Two SSDs in Our Framestore RAID Fail at the Same Time

Using an OWC thunderblade.
(4) 4tb SSDs configured in a software raid 5.

Its pretty rare we see one of these fail but two at the same time seems like there could be something more going on…perhaps the enclosure itself.

Anyone have any experience with this type of issue?


This is what I see inside softraid.

Anything else I should be looking at besides replacing the drives?
I have a feeling the volume is not recoverable because 2 of the 4 drives have errors.

As they are SSD, it is not uncommon for them to fail at the same time in a RAID. As there are a finite number of writes on a SSD drive, and the fact they are in a RAID together likely writing the same amount of data at the same time, it greatly increases the likelihood of multiple SSD drives in a RAID failing at the same time.

Certain NAS/SAN/RAID systems monitor and manage a SSD RAID to ensure this does not happen by the way it spreads the write load. Unfortunately, It seems that your setup doesn’t have anything like that.

It could be something entirely different to the above but it is the most logical at first glance.

Oh boy…same RAID we have. I had SO many problem with their SoftRaid and RAID5 - it would dismount twice a day, and then in first four weeks the entire thing crapped out and I lost everything. Their support couldn’t help.

Restriped as RAID0 with the Apple Raid Utility and been fine for over 15 months. (we have daily backups, so not too worried about raid0)

2 Likes

shall I say it ??? … Centralized S+W Server for the win!!!

3 Likes

@ALan - yes! say it!

sunset boulevard 1950s GIF

There are a lot of folks that had issues with this particular solution. Seems marginal for critical data.

Software RAID in theory should be fine, but there are more things that can go wrong than a well contained hardware controller.

Thanks everyone for the replies.

I have been using softraid on the macs for many years and have rarely had any issues.
I opened up a ticket with OWC report and ordered two replacement SSDs as well.

Going to swap out the SSDs and see if i can get things working again.

Would love to implement a central S+W Server however its not always so simple to get cost approved as well as deploy such a solution with minimal downtime.

I am the only engineer we have on staff. My confidence to be able to spec out and deploy such a solution is not exactly the highest. I know i could get it done, I just lack the experience to spec the hardware, purchase, implement and support this type of solution without making some mistakes along the way an causing downtime.

Bringing in an outside consultant to help set things up is not out of the question but at the end of the day i need to be able to understand and support the solution without having to engage a third party.

1 Like

Out of interest @ALan, would you even take that approach if you only had a single Flame in the building? Not being condescending at all, genuinely interested.

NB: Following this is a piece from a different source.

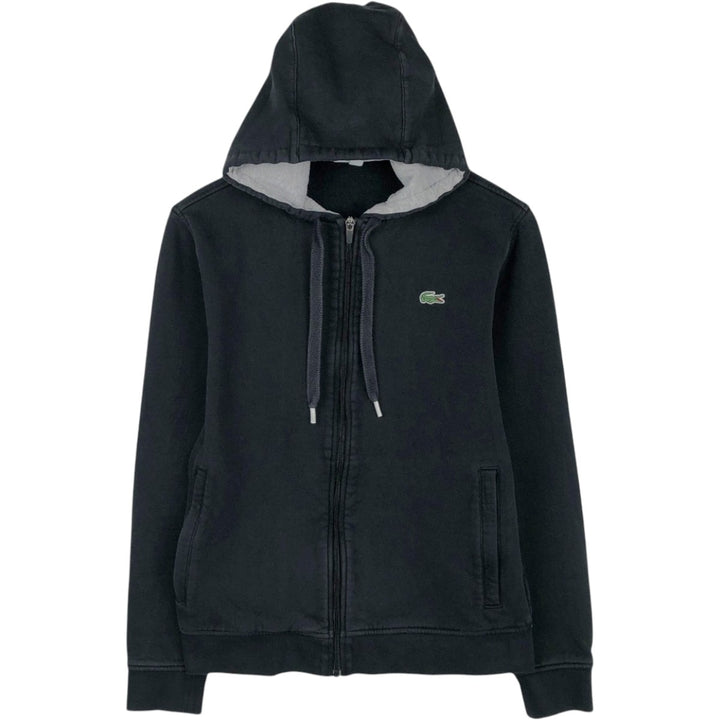 Lacoste LACOSTE SPORT Sweat Full-Zip Hoodie, Men's Size M (approx.) cotton black type Vintage Second Hand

In the case of a SSD based solution, do you have a solution to avoid synchronised failure (if that was the cause)?

What exactly is a synchronized failure?
looking at the softraid interface and the log, this is my assessment of what happened likley.
(I am waiting to hear back from OWC support this morning on the exact cause)

I am just wondering if the drives are actually bad or if its. a sofware thing…Would it be possible the hardware is fine and I can just make a new volume, restore from my backup and keep going?

  1. Absolutely.

  2. We’ve never had an SSD fail. But easiest solution is to just put a few different model or manufacture SSD in there.

Whats the logic behind populating your array with diffrent manufactures?
Less likely to all fail at the same time?

Which one @ALan Alan? StorNext SAN? Something else?

correct.

any fast reliable storage.

Question of the day…Do I skip raid5 all together and just go full stripe + nightly backups?

Seems like the synchronization is what screwed me in the end. With SDDs I never had such a problem with raid0

Two considerations:

Yes, to trying to get some separation. But don’t pick widely different ones. In the old days you would try to get same drive but with wider range of serial numbers into a RAID. Ideally you want similar or identical specs so that slight variations in latency don’t cause new issues, but they haven’t been made on the same production line on the same day in case there was some contamination or calibration was off.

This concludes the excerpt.